--- The task ---
Set down, exactly and only, everything from the line containing "Coffee Themed Whimsical" down to the line containing "Vasetto Le Parfait®" in the data below; the pictures are not part of the copy.

--- Listed records ---
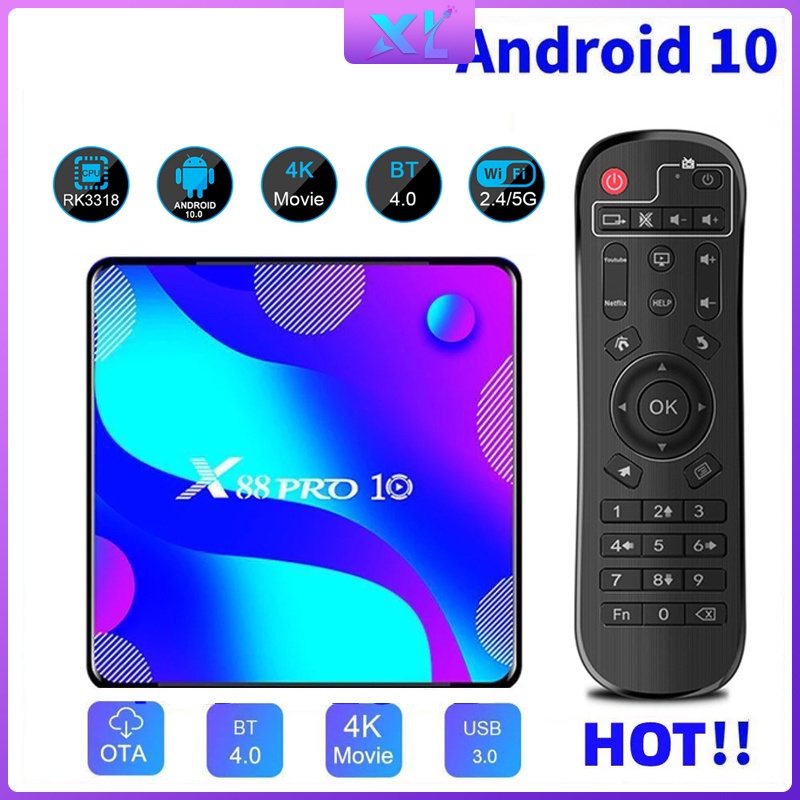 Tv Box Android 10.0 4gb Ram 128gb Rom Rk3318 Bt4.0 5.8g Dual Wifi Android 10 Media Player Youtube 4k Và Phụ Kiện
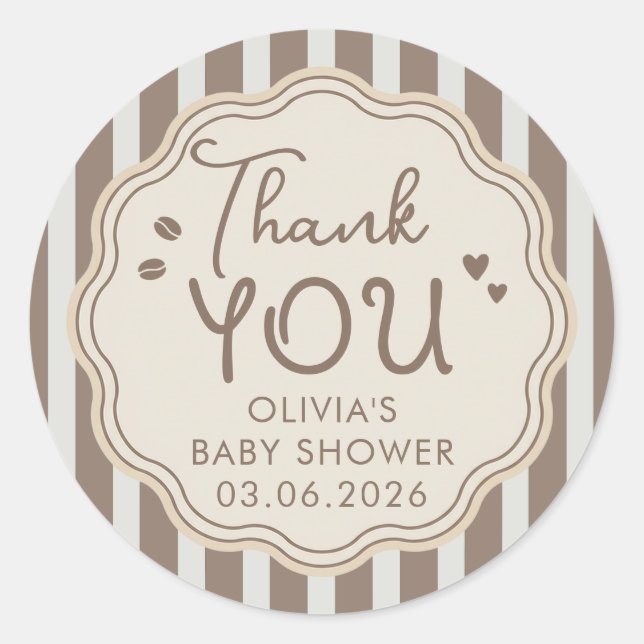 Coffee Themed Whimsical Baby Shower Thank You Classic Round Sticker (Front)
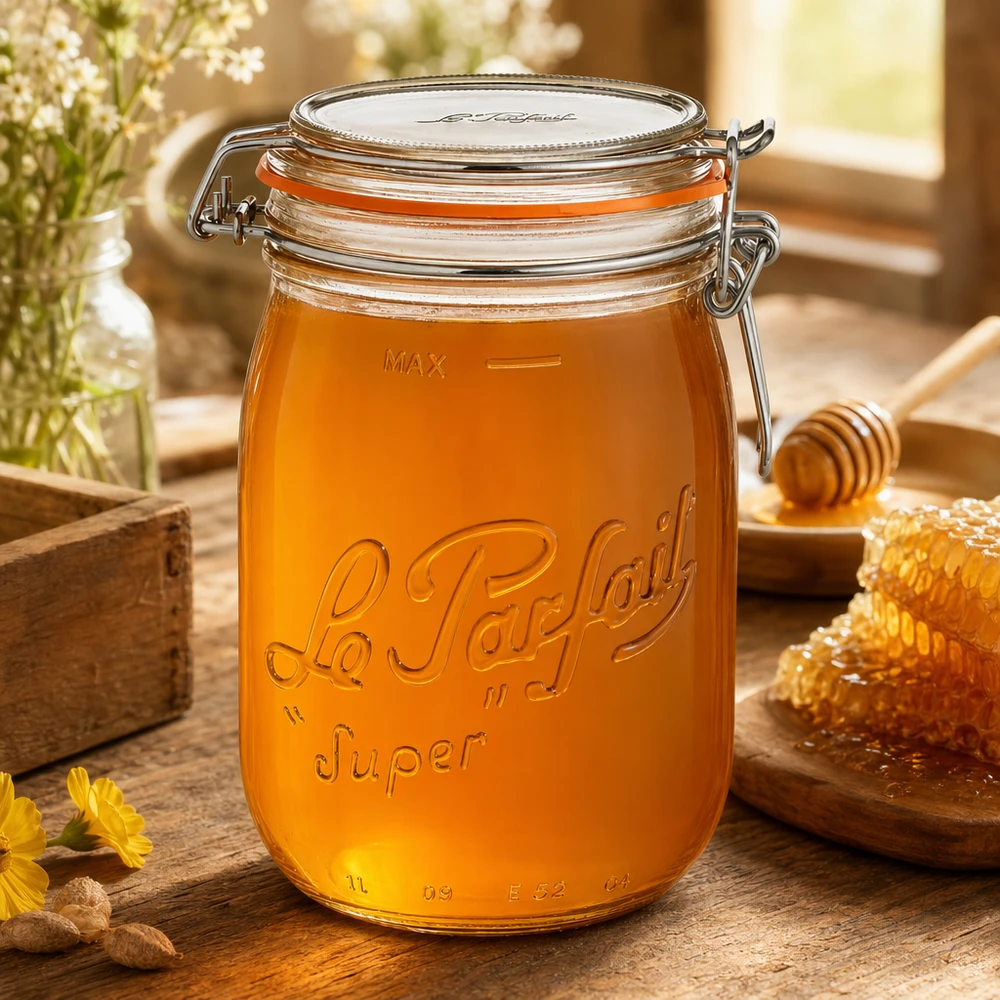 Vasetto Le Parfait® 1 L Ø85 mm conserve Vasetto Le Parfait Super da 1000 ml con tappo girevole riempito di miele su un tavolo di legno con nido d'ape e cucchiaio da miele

* * *

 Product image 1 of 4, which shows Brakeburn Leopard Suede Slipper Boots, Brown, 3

--- Solution to this problem ---
 Coffee Themed Whimsical Baby Shower Thank You Classic Round Sticker (Front)
 Vasetto Le Parfait® 1 L Ø85 mm conserve Vasetto Le Parfait Super da 1000 ml con tappo girevole riempito di miele su un tavolo di legno con nido d'ape e cucchiaio da miele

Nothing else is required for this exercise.